2) El fondo. Es banal en sentido bidireccional. Ni ahorra una sola de las ideas comunes que nuestra cultura maneja sobre la muerte (desde la levedad de la tierra hasta el desplazamiento a primera línea ante el abismo que supone la desaparición de los padres; desde el consuelo que procura el afecto de los próximos hasta la perpetuación del difunto en la conciencia de los vivos; desde la cadena generacional que transmite el testigo hasta...). Ni aporta una sola idea original. Esto puede ser perfectamente tolerable en un texto dramático, que no está para aportar ideas originales sino para recrear el mundo (o una visión del mundo) en el escenario. Pero, como les he dicho, éste es marcadamente ensayístico. No hay drama (como sería preciso en el teatro), no hay ideas (como sería necesario en un ensayo). No hay nada más que sopor. Por cierto, la cosa termina autocondenada. Algo se dice al principio sobre la moralidad como refugio de los discursos vacíos. Así termina este discurso vacío: con una conclusión moral para la que no necesitábamos alforjas. Que la muerte debe impulsarnos a ser mejores. Toma.

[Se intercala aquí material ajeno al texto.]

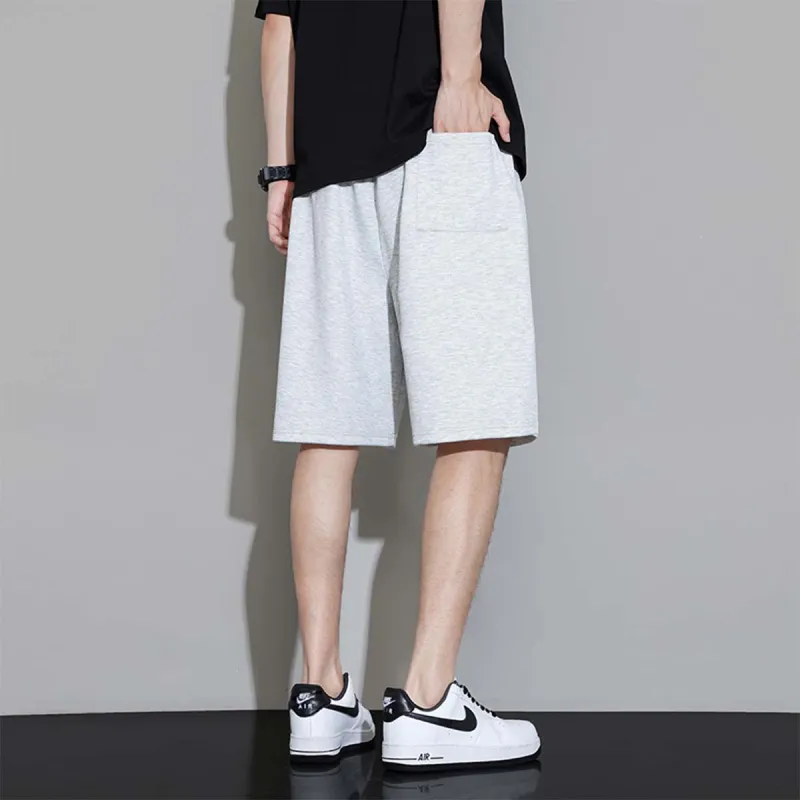 HUANQIU Casual Shorts Unisex-14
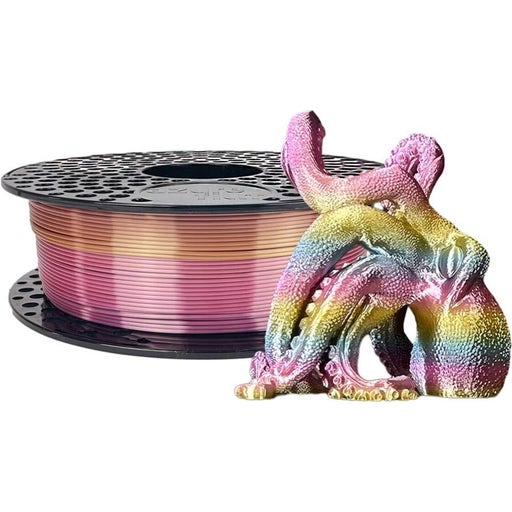 AzureFilm PLA Silk Rainbow Tropicana - 1,75 mm / 1000 g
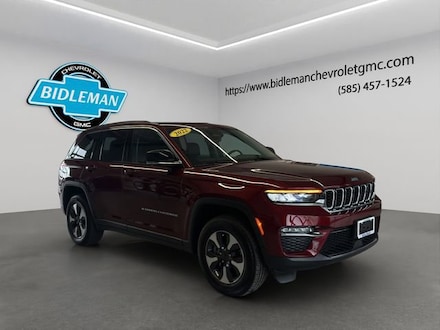 2022 Jeep Grand Cherokee 4xe SUV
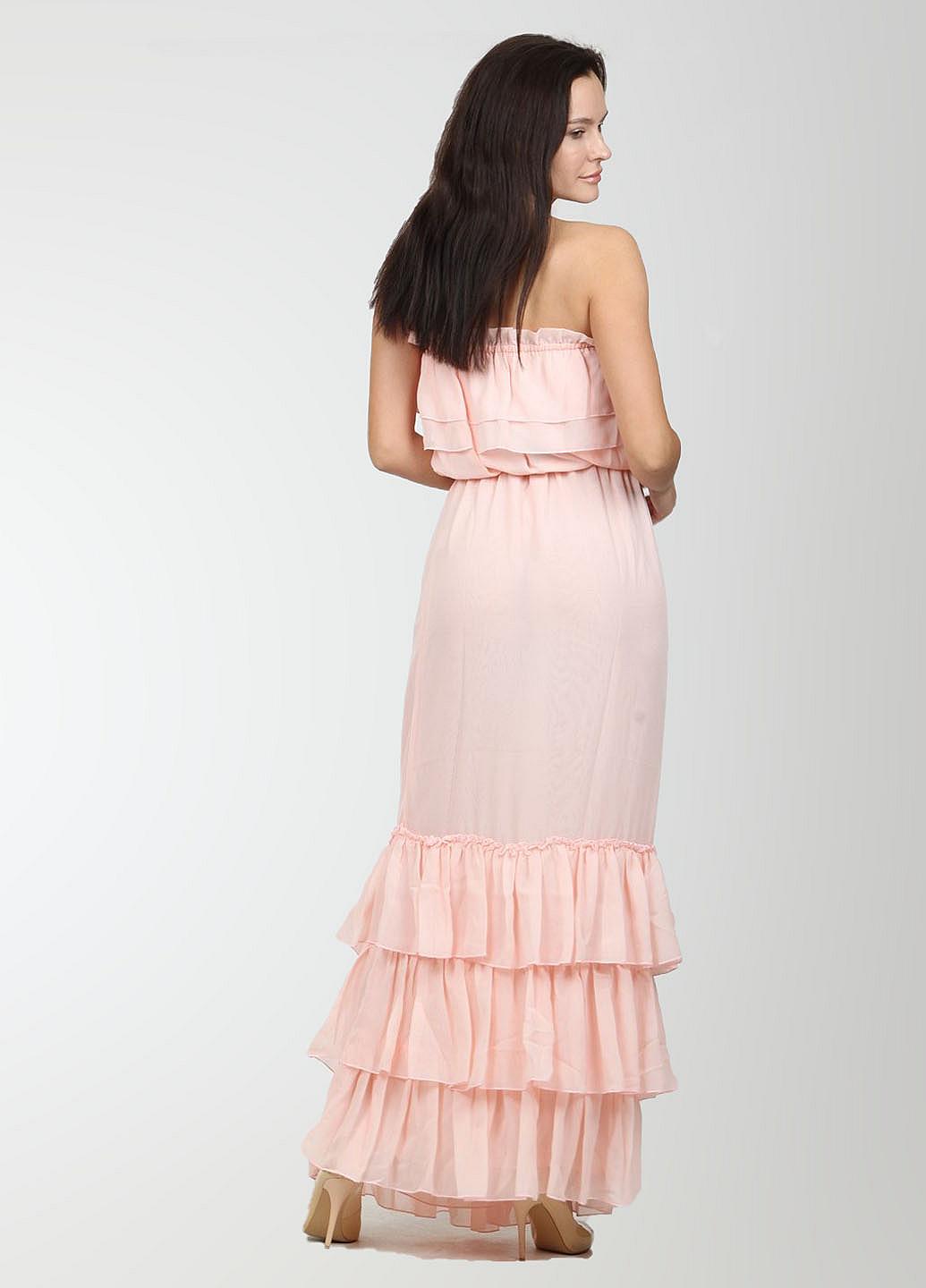 Платье MOZAH S Пудровый (ND-926-4-Powder), фото №5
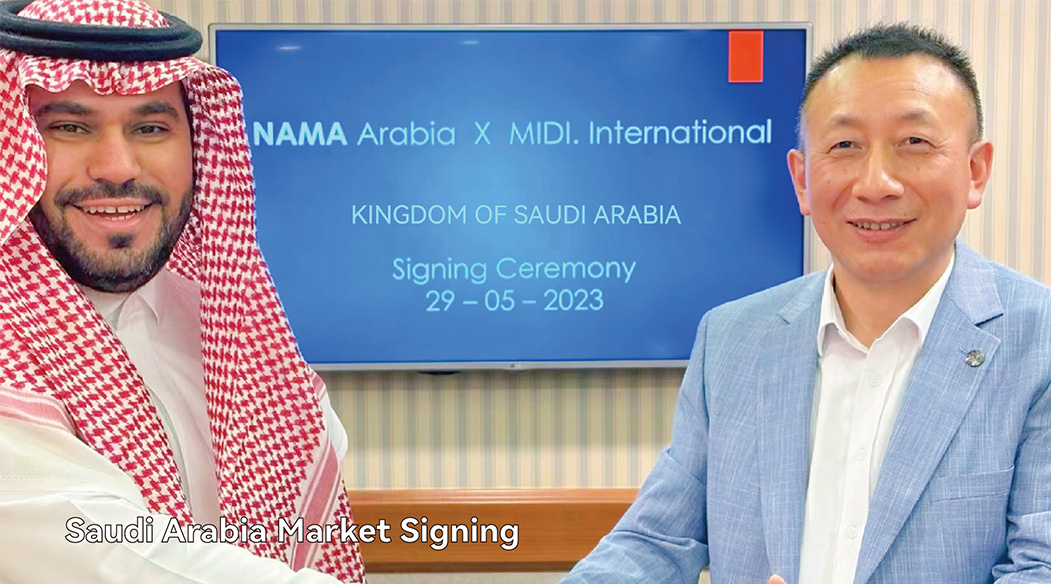 Saudi Arabia Market Signing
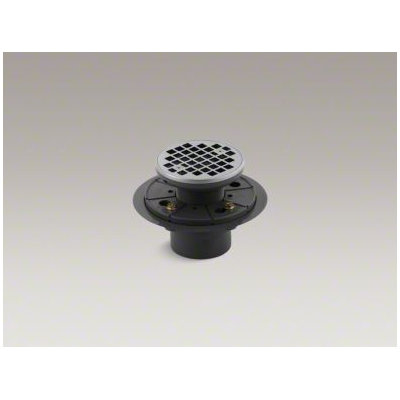 Kohler 2" Round Design Tile-in Grid Shower Drain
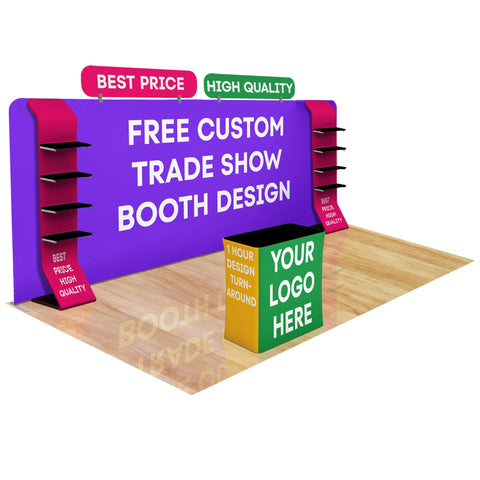 10x20 Trade Show Booth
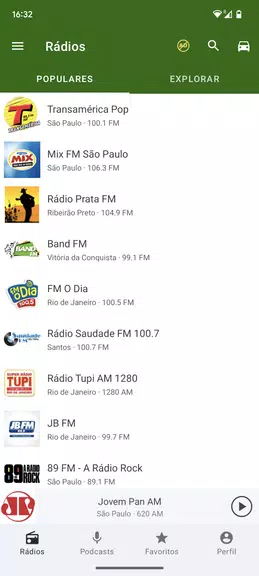 Rádio FM Brasil - FM Ao Vivo Скриншот 3
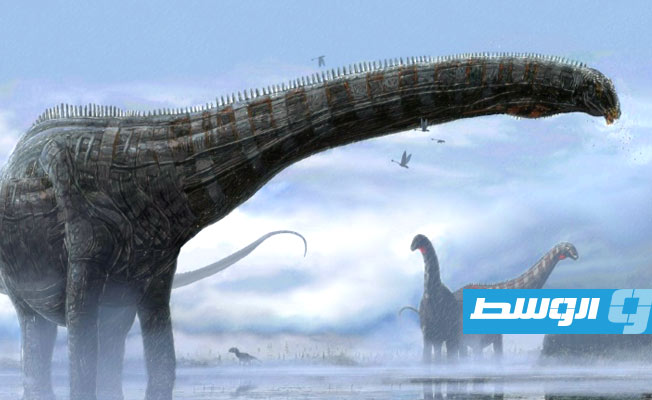 روبوت يجسّد طريقة الديناصورات لإخافة فرائسها بالرفرفة بأجنحتها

3) El estilo. Pensé durante un rato que este estilo que combina la frialdad quirúrgica y la retórica más ramplona era un efecto buscado para reforzar el efecto de alejamiento que el personaje quería imponerse respecto a sus sentimientos profundos. Pero no. Sigue igual toda la función. Sin desaprovechar un solo sintagma trillado que saliera al paso. Por no hablar de hallazgos como "excesivismo" o "acostumbramiento". Soporífero.

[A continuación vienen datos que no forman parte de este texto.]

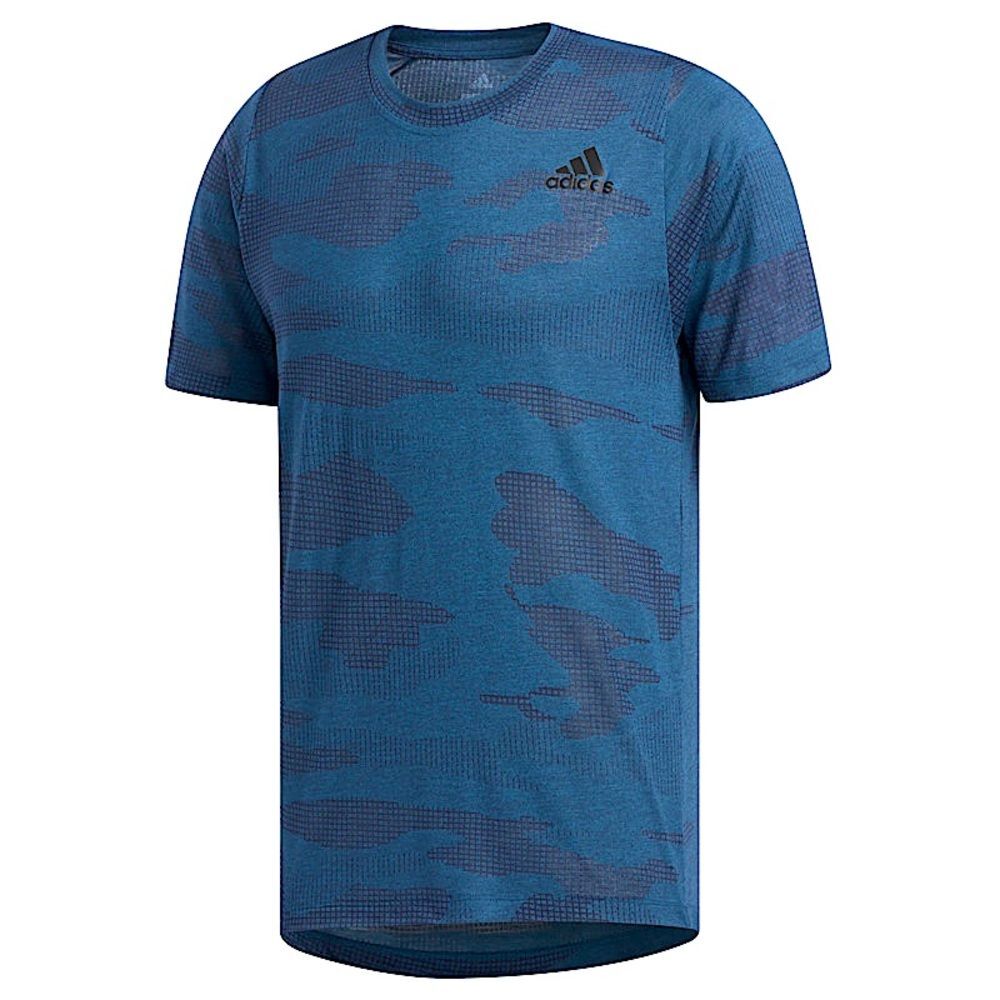 Adidas Freelift Camo Burnout Tee in Tech Mineral Size XL
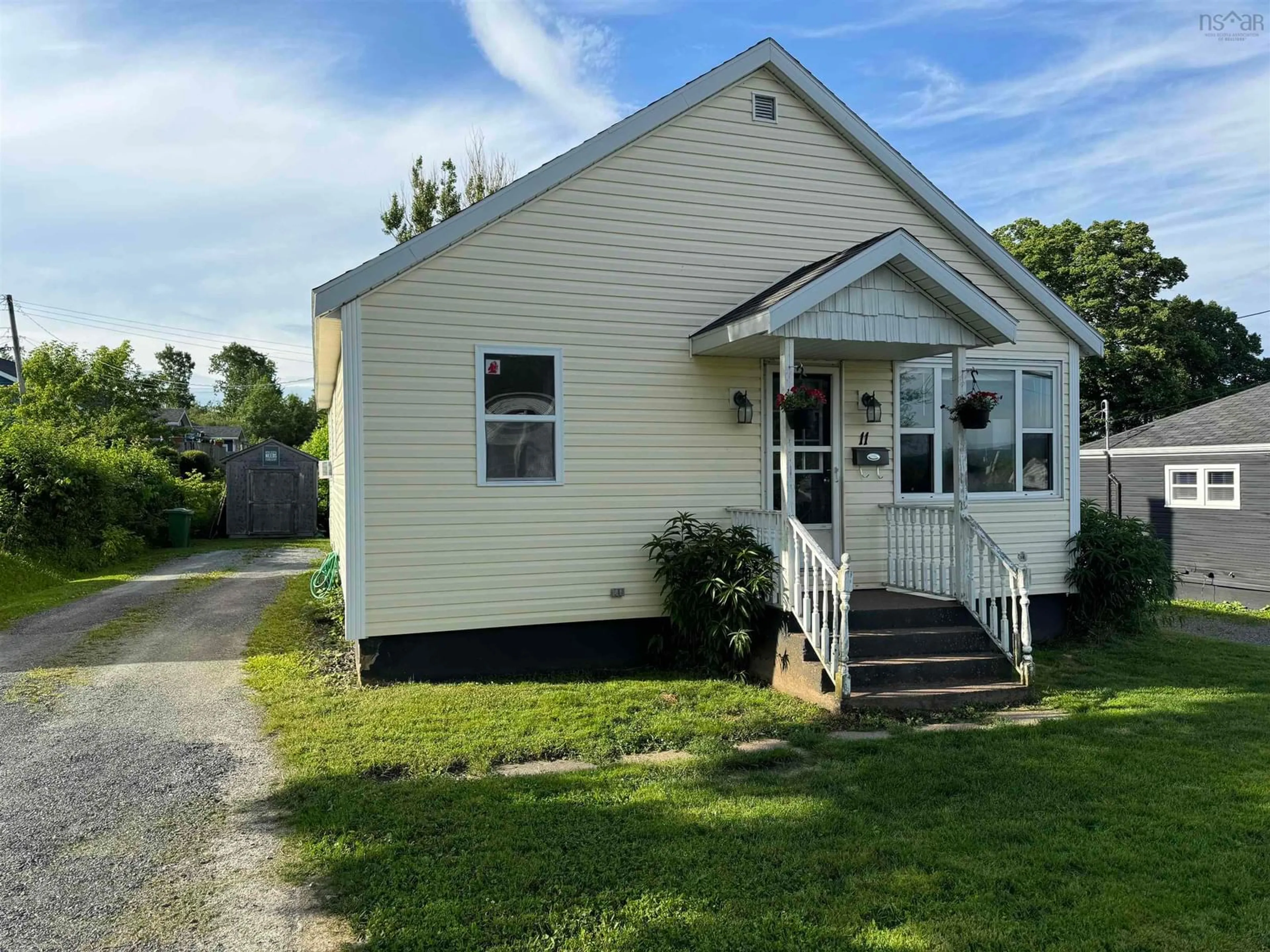 Frontside or backside of a home for 11 Campbells Lane, New Glasgow Nova Scotia B2H 2H9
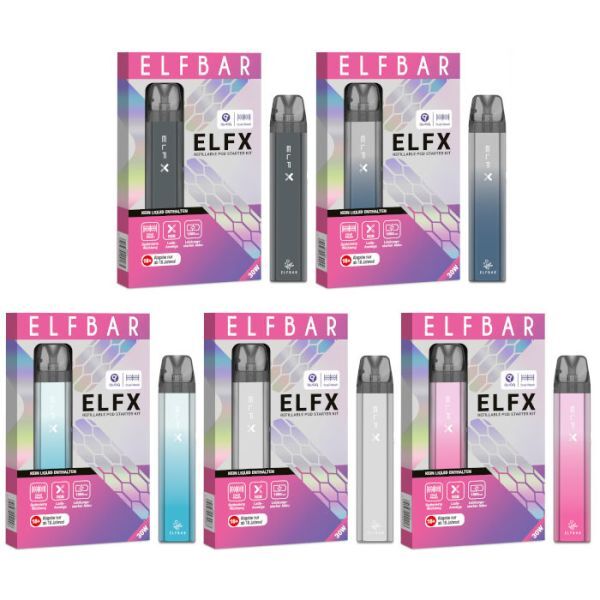 E-Zigaretten Set ELFBAR Elfx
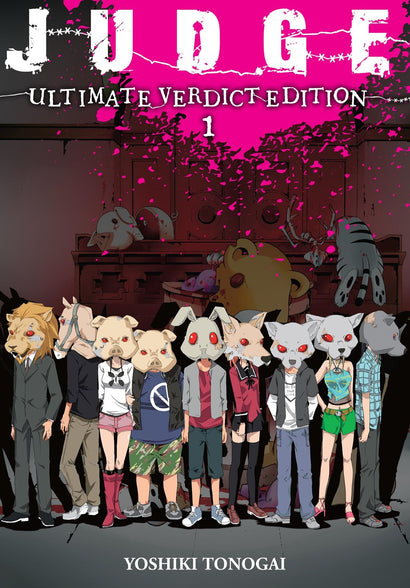 JUDGE ULTIMATE VERDICT EDITION TP VOL 01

El texto no tenía remisión, y mira que le han hecho de todo. Es como un abeto reseco que se han esforzado en tapar con espumillón (qué bonita palabra). El espumillón no está mal, pero al final sólo faltan los ya mencionadísimos delfines. Cae nieve, cae un árido, el suelo se levanta los pajaritos cantan... huy, perdón: el suelo se levanta, se abre una compuerta, entra música, entran ruidos, entra una discreta imagen proyectada, sube al fondo una línea horizontal verde, baja al fondo una línea horizontal verde, el iluminador despliega todo el catálogo de recursos que sabe ubicar atinadamente... Hubiera sido fantástico emplear toda esta potencia creativa en algo que mereciera la pena.

* * *
Miren ustedes por dónde, algo hay con lo que me identifiqué y que me da pie para este párrafo. Dice el personaje que no soporta en los demás sus propios defectos. Que los reconoce de inmediato y los odia. A mí me pasa lo mismo (aunque no siempre, otras veces me producen un efecto cómico y de compasión, del tipo de "éste es idiota de la misma manera que yo"). Si el texto me ha generado el rechazo que queda patente en las líneas anteriores es, en parte, porque comparte ampliamente los defectos de mi prosa. Qué les voy a contar: no sólo un deslizamiento constante hacia lo prolijo y lo repetitivo, sino también un echar mano sin cuento de las fórmulas estereotipadas, los adjetivos cantados, las expresiones hechas. Como esta misma enumeración de tres elementos de la frase anterior. A mí se me antoja que lo hago con una gran habilidad para la ironía, la autoironía y la parodia, pero digo "se me antoja", porque no es verdad. Lo que me termina saliendo es una cosa entre el BOE y el libro de texto que -alguna lucidez guardamos todos en el fondo- me aconseja no dedicarme a la literatura. Tanto menos a la dramática, que consume el tiempo del espectador a chorros. A lo mejor un día me da por estrenar algo y alguien me propina una coz calcadita a esta misma.